Uma semana antes da publicação da edição de Abril-Maio da Playboy francesa, Marlène Schiappa conseguiu ofuscar as manifestações contra o aumento da idade da reforma. Integrando o Governo de Macron seria de esperar que tivesse sido publicamente louvada por esta notável capacidade de spin. Só conheço uma proeza comparável, ainda que no domínio da ficção, se bem que baseada nos deslizes da breguilha de Bill Clinton e que teriam motivado vários bombardeamentos no Afeganistão, Sudão, Iraque e ex-Jugoslávia, ao sabor da necessidade de afastar a atenção da comunicação social pelo manusear, alheio ao matrimónio, das partes pudendas do então ocupante da Casa Branca. O filme Wag the Dog (Manobras na Casa Branca na versão portuguesa) popularizou à escala planetária um conceito de manipulação informativa que a ciência política faz remontar à presidência de Lincoln.
Sendo a discriminação uma palavra de género feminino, Marlène teve direito a várias foto-montagens, quase todas simpáticas e todas falsas, em que mostrava, como escreveria Camilo, generosa carnadura, num dos casos com uma tatuagem constitucional evocando o mal amado § 3º do artigo 49º da Constituição de 1958. Hélas! as foto-montagens acabaram publicadas pela imprensa dita séria – em Portugal por dois jornais “de referência” – sem qualquer aviso em matéria de falsificação. Publicada a Playboy concluiu-se estar Marlène na capa em pose de Marianne, fitando o futuro, à direita, e vestida. Igual pudor nas fotos interiores que ilustram doze páginas de entrevista sobre temas “sérios”. Os motores de busca, sempre politicamente correctos, anunciam agora Marlène na Playboy mas com a indicação de que está “vestida”.
Os tempos são de censura e hoje, também por via da ditadura do “Pubic Hair Design”, não seria possível a Marina Ripa di Meana cruzar os braços em pelota e anunciar (como fez em 1996): “L’unica pelliccia che non mi vergogno d’indossare.” As reacções dos bem pensantes a Marina e a Marlène, separadas por 27 anos, são surpreendentemente próximas, unidas no negar do direito a dispor da própria imagem, seja o corpo (Marina) ou a alusão ao espaço comunicacional onde se costuma exibir o corpo (Marlène).
A mulher estrangeira (corsa…) que acumula e exerce o poder na corte (de Macron) tem um paralelo bíblico.

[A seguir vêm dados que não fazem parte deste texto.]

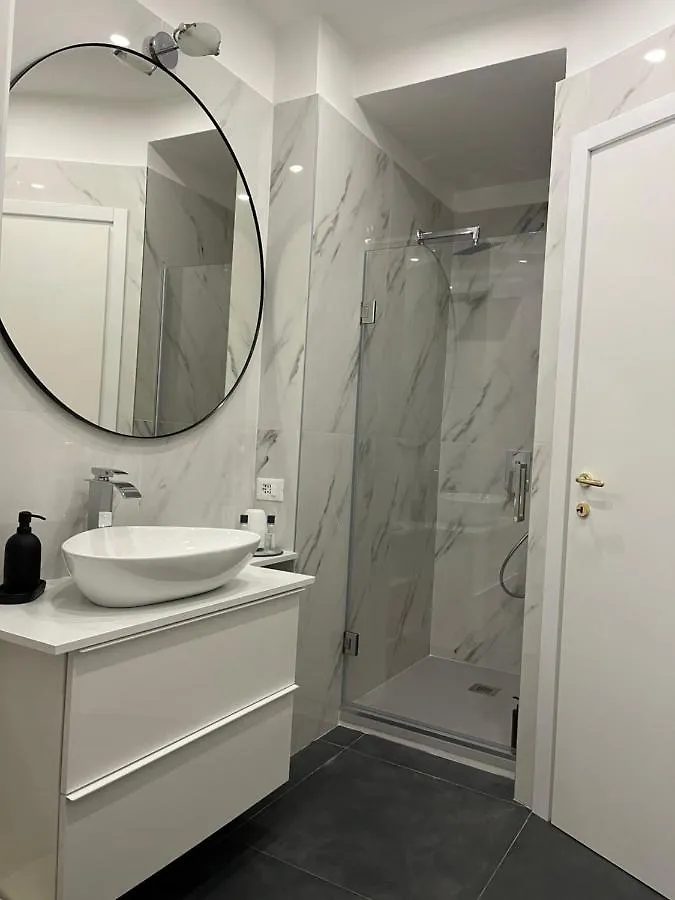 Casa Vercelli Delizioso Bilocale Moderno Nella Vecchia Milano 0*, Milan Italy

Jezabel, aristocrata fenícia, casou com o rei Ahab de Israel, foi activa na vida política, perseguiu os profetas locais e foi por eles defenestrada, não sem antes se ter maquilhado e embelezado com os atributos do poder, incluindo uma peruca cerimonial. “Tenho, porém, contra ti o tolerares que essa mulher, Jezabel, que a si mesma se declara profetisa, não somente ensine, mas ainda seduza os meus servos a praticarem a prostituição e a comerem coisas sacrificadas aos ídolos. Dei-lhe tempo para que se arrependesse; ela, todavia, não quer arrepender-se da sua prostituição. Eis que a prostro de cama, bem como em grande tribulação os que com ela adulteram, caso não se arrependam das obras que ela incita.” (Apocalipse, 2:20-22).
Considerando as mais recentes desditas do XXIII Governo Constitucional, documentadas nos primeiros episódios da luta de mulheres na lama, comercializada como Comissão Parlamentar de Inquérito sobre a TAP, será de esperar um qualquer grande acto de spin. Quem será o membro do Governo que, como veio ao mundo, irá abraçar o portfolio ministerial na capa de uma qualquer revista lusa?